Monday, October 06, 2008

Government slashes welfare spending

Fears that the government’s sweeping tax cuts would significantly slash state expenditures on social welfare seem to have become a reality. The administration of President Lee Myung-bak, which is aiming to cut more than 20 trillion won (US$16.8 billion) in taxes by 2010, plans to limit social welfare spending in favor of spending on programs that will increase economic growth during Lee’s five-year term. Coupled with the recent tax cuts, which mainly benefit the upper class and wealthy property owners, the proposed cuts in the welfare budget are likely to widen the gap between rich and poor.


The administration’s budget proposal will shrink welfare spending in the coming year. The administration claims that spending on social welfare and public health will increase nine percent, or 6.05 trillion won, to 73.7 trillion won in 2009, outpacing the six percent increase in spending in the budget as a whole. However, some 5.28 trillion of the 6.05 trillion won increase is largely seen as being part of a natural increase in spending on existing systems. This includes spending on the national pension fund (2.41 trillion won), national health insurance benefits (656.6 billion won) and pension payments (874.9 billion won). Excluding these, only 777.9 billion won will be allocated to health and welfare by the Lee administration next year.


If the four state-run pension funds, such as the pension fund for ordinary people and public servants, are subtracted from the administration’s 2009 budget proposal, welfare spending increases by only 6.86 percent, which is below the 7.2 percent increase for the budget as a whole. Lee Tae-su, a professor at Hyundo University of Social Welfare, noted that the Lee administration had publicly announced a policy of “active welfare.” He said, however, that when he looked at the details of the budget proposal, it was difficult to find evidence that the government had been active in allocating funds to the welfare budget.
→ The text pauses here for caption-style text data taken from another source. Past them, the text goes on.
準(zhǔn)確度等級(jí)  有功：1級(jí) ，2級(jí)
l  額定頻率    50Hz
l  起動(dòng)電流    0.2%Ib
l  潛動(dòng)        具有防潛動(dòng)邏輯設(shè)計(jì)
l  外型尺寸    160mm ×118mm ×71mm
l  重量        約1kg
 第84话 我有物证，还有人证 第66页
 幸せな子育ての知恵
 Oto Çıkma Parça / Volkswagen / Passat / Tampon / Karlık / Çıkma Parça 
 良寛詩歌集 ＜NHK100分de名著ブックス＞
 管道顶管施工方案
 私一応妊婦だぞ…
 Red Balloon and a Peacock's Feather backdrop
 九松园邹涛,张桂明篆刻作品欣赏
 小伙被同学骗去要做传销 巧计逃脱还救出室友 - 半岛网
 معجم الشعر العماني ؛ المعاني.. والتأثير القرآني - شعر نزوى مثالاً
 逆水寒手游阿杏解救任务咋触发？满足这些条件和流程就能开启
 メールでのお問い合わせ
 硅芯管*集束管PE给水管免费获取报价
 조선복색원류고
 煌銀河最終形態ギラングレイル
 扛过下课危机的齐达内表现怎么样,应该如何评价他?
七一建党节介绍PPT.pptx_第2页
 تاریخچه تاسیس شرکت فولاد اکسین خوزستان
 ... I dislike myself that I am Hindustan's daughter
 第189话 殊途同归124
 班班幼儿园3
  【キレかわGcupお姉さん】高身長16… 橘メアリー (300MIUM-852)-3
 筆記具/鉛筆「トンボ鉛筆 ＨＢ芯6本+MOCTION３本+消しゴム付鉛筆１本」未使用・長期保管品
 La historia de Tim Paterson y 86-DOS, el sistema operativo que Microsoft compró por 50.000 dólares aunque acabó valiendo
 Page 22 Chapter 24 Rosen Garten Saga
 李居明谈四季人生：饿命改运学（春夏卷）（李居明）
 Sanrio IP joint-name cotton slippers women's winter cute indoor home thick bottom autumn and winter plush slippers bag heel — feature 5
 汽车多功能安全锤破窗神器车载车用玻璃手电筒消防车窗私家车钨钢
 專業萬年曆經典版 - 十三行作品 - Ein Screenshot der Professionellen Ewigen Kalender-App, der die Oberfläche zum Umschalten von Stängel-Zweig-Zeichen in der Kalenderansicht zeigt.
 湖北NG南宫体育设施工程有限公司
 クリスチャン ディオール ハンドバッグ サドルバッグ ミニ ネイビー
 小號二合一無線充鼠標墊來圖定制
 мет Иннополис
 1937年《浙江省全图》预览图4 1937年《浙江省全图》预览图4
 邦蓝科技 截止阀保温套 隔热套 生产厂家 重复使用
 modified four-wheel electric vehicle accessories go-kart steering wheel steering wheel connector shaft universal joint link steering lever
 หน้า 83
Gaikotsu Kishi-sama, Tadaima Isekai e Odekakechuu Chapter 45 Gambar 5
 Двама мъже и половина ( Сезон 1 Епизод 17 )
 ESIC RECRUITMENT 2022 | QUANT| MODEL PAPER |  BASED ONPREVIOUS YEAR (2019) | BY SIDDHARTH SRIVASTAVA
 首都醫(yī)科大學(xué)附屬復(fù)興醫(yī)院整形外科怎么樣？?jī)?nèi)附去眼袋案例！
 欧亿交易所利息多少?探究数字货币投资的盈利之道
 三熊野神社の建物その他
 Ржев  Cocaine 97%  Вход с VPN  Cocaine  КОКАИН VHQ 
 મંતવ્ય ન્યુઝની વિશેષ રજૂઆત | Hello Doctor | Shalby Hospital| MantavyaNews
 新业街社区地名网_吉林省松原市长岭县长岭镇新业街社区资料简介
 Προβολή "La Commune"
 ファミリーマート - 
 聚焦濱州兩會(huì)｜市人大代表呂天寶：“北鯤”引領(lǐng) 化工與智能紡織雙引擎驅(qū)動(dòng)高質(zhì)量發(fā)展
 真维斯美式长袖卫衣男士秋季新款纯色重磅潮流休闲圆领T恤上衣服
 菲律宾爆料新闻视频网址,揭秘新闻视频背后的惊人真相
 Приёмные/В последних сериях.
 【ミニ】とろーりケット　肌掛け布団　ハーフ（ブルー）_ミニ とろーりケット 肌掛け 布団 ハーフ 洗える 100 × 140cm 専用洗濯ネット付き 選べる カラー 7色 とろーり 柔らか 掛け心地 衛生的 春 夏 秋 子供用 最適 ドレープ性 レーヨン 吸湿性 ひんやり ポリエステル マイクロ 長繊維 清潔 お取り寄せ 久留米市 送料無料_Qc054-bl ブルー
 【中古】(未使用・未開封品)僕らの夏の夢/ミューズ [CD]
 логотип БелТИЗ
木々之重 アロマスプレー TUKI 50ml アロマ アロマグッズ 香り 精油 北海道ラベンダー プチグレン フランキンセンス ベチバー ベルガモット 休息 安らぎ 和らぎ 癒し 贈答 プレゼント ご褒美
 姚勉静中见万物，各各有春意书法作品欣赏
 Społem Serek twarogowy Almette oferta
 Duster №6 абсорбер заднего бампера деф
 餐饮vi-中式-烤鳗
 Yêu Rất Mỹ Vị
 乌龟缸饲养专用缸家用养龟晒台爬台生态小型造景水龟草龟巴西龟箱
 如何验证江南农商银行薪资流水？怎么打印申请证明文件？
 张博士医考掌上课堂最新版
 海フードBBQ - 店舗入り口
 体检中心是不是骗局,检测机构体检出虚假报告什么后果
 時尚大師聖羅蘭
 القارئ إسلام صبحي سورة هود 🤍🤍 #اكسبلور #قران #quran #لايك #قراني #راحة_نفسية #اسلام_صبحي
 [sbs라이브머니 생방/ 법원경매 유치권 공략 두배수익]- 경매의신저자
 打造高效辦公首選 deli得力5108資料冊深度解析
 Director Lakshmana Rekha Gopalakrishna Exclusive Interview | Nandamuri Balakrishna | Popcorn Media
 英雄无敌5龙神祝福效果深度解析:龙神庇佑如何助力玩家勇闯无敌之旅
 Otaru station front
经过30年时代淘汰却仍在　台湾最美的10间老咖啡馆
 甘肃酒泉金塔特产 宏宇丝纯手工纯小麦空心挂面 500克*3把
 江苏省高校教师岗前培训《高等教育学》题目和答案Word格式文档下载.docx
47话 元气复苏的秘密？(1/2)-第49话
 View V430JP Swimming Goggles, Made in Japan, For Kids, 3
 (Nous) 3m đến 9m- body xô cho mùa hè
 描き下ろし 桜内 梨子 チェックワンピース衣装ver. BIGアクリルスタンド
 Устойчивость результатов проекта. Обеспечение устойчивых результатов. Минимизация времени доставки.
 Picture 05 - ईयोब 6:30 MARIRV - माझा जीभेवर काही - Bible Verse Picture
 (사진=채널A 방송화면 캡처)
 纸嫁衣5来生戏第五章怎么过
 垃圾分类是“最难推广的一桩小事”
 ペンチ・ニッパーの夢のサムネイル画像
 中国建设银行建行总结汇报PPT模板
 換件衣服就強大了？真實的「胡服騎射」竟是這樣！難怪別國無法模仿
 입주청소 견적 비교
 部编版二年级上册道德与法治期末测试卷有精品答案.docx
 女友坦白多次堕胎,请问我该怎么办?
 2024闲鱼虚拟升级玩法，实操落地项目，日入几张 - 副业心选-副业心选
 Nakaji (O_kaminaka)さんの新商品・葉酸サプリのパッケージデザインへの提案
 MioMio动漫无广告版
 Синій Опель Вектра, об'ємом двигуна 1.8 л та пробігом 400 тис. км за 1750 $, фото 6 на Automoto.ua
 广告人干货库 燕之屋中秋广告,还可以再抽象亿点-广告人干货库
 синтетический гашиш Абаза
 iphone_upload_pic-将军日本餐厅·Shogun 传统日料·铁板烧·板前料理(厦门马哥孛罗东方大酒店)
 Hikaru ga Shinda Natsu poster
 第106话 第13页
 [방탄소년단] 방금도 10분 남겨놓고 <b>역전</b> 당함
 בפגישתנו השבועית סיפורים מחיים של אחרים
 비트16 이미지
He called it a retreat from welfare because the administration is maintaining current spending levels, which are still insufficient amid surging inflation.



The government’s plans to curb welfare spending will continue beyond 2010. According to a report released on September 30 by the Ministry of Strategy and Finance, spending on social welfare will expand at an annual average rate of 8.4 percent between 2009 and 2012. However, if pension fund expenditures are subtracted, the growth rate would stand at 6.57 percent, a level similar to the overall annual increase in spending of 6.2 percent. Between 2005 and 2008, spending on social welfare, excluding pension funds, rose at an average annual growth rate of 9.28 percent.


Beginning next year, spending on childcare programs and programs for women, the family, the elderly, the young and the underprivileged will decline significantly. Spending on childcare, women and family affairs rose at an annual rate of 42 percent between 2005 and 2008, or from 700 billion won to 1.6 trillion won during that period. However, the government is now planning to increase welfare spending at an average annual rate of 9.5 percent between 2009 and 2012. While spending on the elderly, the young and the underprivileged had increased at an annual average rate of 31 percent between 2005 and 2008, that number will decrease to a rate of 14.1 percent over the next four years.


Kim Dong-geon, a professor at Dongseo University, said that the ratio of spending on the welfare budget to spending on the budget as a whole rose from some 18 percent in 1998 to some 28 percent in 2006, a total of 10 percentage points. Kim said that during the administration of former President Roh Moo-hyun, spending on childcare increased sharply and fiscal investment was reinforced to create social-service jobs, such as the approximately 110,000 jobs in the heath and welfare field that had been created as of August and the number of economically active women had risen accordingly, from 48.8 percent in 2000 to 50.2 percent last year. Kim said that the budget proposal expresses the administration’s desire to not add new welfare services and use only existing systems.